**** Records to use ****

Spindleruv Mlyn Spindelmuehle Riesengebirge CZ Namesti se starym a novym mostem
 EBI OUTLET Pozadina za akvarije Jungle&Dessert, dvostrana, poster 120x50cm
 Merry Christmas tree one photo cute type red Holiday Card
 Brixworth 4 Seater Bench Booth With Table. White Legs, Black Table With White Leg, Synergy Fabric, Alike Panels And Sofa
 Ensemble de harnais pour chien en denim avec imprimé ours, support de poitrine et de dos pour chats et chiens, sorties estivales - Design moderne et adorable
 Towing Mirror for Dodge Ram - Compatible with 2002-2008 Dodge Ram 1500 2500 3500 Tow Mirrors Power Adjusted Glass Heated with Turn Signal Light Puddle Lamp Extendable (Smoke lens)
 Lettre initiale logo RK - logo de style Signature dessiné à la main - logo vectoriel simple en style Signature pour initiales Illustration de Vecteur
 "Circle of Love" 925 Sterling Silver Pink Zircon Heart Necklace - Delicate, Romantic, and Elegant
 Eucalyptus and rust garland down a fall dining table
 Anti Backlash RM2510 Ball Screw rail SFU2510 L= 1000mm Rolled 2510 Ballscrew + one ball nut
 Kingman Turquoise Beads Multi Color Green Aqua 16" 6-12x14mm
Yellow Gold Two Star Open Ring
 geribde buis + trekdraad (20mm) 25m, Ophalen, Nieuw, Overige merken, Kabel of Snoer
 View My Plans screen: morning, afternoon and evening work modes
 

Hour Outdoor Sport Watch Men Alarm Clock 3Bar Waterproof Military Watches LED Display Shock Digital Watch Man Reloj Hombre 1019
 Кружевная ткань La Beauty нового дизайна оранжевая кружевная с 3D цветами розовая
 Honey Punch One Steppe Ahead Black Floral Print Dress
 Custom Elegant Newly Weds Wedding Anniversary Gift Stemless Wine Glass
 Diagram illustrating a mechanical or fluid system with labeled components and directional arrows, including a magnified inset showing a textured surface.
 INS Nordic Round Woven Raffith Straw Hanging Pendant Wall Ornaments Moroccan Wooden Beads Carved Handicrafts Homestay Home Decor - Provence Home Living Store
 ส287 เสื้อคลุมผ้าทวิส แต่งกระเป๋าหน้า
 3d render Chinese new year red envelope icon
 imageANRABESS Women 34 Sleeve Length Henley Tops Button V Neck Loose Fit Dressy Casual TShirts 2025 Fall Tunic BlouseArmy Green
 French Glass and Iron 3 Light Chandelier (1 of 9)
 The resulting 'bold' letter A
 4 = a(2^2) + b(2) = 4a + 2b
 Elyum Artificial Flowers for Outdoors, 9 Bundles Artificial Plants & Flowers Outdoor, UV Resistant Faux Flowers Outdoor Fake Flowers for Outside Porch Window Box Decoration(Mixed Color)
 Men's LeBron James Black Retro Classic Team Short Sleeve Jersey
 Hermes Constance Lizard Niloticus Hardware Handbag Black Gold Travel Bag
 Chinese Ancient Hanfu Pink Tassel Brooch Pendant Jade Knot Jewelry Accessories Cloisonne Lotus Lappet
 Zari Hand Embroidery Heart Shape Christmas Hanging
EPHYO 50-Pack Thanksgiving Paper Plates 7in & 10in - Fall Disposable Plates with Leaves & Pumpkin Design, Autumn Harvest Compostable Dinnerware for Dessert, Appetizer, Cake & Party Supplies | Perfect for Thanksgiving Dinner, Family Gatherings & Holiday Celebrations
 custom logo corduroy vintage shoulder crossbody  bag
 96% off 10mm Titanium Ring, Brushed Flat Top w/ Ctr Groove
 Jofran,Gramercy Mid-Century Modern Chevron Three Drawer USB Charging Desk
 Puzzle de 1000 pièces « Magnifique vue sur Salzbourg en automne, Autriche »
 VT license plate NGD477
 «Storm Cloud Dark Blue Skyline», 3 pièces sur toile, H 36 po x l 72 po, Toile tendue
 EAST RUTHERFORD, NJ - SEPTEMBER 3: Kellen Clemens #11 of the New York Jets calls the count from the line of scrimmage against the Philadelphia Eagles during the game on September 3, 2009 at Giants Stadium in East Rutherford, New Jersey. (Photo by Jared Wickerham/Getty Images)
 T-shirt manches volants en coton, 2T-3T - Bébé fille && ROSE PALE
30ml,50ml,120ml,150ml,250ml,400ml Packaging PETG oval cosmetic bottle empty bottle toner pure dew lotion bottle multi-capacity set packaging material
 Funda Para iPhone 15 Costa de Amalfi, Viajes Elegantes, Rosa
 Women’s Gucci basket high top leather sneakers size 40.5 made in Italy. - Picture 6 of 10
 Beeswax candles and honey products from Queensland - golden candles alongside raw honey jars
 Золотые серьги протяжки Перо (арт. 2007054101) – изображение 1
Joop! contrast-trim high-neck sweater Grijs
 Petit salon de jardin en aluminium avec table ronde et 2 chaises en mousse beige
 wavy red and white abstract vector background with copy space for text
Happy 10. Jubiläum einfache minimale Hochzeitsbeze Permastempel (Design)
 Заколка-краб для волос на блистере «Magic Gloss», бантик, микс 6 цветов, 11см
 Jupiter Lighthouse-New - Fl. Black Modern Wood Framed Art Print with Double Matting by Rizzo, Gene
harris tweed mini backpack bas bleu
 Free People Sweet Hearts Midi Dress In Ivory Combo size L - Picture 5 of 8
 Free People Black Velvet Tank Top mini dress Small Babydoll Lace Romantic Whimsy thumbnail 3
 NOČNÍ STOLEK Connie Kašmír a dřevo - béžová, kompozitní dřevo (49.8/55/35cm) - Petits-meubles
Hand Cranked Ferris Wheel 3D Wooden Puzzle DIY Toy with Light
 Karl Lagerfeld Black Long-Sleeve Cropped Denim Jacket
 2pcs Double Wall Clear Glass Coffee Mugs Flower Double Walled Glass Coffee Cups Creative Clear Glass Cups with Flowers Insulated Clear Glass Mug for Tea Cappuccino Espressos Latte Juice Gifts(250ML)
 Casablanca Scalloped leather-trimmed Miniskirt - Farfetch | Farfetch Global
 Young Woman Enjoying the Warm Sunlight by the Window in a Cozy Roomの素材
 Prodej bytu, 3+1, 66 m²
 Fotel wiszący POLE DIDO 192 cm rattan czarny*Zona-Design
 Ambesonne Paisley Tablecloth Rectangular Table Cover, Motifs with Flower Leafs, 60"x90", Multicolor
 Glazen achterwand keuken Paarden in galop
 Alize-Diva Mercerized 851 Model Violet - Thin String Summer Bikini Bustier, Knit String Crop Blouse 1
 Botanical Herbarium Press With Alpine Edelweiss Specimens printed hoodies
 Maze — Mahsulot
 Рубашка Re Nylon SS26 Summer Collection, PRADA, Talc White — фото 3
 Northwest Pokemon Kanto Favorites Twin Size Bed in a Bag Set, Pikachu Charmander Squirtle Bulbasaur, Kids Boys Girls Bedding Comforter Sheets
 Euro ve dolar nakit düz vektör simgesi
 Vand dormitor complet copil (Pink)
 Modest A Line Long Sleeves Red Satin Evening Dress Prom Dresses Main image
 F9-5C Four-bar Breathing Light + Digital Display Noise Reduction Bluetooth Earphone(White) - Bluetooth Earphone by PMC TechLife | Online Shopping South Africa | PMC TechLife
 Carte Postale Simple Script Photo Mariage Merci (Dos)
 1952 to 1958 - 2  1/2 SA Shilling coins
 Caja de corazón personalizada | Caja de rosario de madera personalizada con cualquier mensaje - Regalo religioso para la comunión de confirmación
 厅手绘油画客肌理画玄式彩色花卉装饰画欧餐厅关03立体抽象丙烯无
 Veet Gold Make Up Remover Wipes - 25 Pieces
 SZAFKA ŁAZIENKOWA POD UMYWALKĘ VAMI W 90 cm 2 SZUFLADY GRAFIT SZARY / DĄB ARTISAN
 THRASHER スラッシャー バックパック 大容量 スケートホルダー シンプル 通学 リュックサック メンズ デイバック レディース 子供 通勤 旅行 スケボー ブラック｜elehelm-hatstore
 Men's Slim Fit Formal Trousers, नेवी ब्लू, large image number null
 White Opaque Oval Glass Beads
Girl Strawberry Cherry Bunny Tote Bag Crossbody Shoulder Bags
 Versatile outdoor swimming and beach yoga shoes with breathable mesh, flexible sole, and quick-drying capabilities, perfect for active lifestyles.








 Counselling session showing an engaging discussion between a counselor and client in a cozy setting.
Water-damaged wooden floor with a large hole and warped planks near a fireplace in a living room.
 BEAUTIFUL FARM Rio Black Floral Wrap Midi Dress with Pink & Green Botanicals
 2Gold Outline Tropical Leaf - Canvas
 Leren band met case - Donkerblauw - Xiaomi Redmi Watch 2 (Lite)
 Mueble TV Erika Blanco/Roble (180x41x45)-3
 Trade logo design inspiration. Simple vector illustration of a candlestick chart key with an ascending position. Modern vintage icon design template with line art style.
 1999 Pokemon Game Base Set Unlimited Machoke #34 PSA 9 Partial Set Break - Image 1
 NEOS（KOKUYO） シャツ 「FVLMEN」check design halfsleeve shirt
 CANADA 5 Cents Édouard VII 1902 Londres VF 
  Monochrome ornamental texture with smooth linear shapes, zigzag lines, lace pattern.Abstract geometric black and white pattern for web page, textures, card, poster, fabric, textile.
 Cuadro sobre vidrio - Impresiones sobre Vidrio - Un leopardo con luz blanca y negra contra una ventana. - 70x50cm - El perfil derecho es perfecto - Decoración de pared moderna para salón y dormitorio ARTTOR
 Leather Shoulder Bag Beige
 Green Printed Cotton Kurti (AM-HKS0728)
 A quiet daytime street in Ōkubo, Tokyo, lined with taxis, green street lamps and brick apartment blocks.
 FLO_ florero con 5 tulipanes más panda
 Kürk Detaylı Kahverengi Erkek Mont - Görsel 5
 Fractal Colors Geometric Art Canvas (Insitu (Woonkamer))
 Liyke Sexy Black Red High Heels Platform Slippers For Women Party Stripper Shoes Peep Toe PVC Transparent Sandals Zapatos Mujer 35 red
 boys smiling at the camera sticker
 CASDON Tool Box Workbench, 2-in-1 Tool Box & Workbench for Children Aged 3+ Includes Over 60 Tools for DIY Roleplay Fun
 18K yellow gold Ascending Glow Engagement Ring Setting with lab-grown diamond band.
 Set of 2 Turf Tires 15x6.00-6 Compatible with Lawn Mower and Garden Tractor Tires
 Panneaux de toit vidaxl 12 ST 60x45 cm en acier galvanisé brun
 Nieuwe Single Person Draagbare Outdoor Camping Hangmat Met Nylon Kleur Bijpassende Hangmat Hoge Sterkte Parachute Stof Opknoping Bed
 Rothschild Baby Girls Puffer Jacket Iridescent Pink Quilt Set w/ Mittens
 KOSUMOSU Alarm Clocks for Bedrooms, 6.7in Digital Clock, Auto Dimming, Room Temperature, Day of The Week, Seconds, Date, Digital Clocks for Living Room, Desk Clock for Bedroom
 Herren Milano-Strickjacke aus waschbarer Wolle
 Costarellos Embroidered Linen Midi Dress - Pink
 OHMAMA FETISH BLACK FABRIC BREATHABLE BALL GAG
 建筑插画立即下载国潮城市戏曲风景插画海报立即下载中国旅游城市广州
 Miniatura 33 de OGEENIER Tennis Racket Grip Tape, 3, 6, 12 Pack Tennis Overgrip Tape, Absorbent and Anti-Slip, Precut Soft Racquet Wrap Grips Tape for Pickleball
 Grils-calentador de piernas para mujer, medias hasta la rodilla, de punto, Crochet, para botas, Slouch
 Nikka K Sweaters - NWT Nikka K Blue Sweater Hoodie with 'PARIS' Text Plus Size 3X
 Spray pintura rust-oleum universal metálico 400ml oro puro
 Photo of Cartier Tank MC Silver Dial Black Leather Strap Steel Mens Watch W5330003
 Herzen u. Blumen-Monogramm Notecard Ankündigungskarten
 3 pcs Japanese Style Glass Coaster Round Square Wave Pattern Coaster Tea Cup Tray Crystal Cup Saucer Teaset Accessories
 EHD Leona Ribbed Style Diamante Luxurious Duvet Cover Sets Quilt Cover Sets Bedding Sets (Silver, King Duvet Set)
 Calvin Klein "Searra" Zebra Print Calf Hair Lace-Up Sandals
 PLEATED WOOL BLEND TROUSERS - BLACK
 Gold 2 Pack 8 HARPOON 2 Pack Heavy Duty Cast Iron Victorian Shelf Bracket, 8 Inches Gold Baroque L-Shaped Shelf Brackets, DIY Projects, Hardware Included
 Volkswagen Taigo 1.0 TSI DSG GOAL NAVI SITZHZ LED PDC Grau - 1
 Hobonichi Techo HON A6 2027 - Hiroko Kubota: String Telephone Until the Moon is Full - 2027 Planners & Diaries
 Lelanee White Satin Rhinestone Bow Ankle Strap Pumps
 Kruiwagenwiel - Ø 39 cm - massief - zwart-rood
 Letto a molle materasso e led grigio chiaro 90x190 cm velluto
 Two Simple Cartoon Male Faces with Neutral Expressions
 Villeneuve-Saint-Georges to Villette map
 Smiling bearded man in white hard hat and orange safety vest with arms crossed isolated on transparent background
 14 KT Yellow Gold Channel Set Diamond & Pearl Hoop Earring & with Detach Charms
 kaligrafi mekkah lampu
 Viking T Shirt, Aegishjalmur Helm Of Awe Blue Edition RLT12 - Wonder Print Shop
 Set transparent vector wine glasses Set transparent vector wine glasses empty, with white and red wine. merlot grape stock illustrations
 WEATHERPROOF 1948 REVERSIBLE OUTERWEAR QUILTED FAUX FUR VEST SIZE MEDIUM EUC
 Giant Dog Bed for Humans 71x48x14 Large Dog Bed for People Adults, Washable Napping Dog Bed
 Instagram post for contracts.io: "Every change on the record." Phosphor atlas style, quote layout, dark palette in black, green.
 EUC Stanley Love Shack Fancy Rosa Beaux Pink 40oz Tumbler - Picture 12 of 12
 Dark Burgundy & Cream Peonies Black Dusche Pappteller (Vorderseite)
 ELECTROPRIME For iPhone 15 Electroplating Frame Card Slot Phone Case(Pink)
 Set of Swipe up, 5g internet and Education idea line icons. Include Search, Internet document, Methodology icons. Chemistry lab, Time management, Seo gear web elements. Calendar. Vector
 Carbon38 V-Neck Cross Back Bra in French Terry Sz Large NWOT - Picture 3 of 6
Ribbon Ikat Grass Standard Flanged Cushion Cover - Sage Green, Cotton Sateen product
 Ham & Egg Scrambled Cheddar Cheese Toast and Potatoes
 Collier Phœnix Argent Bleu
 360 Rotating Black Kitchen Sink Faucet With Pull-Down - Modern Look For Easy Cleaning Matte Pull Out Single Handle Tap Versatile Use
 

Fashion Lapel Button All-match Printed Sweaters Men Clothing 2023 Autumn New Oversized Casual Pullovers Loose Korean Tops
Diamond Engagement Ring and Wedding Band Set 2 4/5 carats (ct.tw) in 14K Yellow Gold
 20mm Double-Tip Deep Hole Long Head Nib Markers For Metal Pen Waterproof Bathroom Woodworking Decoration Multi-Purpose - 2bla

****

** What you need to do **
Go through the entries above and report how many lines hold the word "showing". Nothing but the number is needed.

** The completed task **
2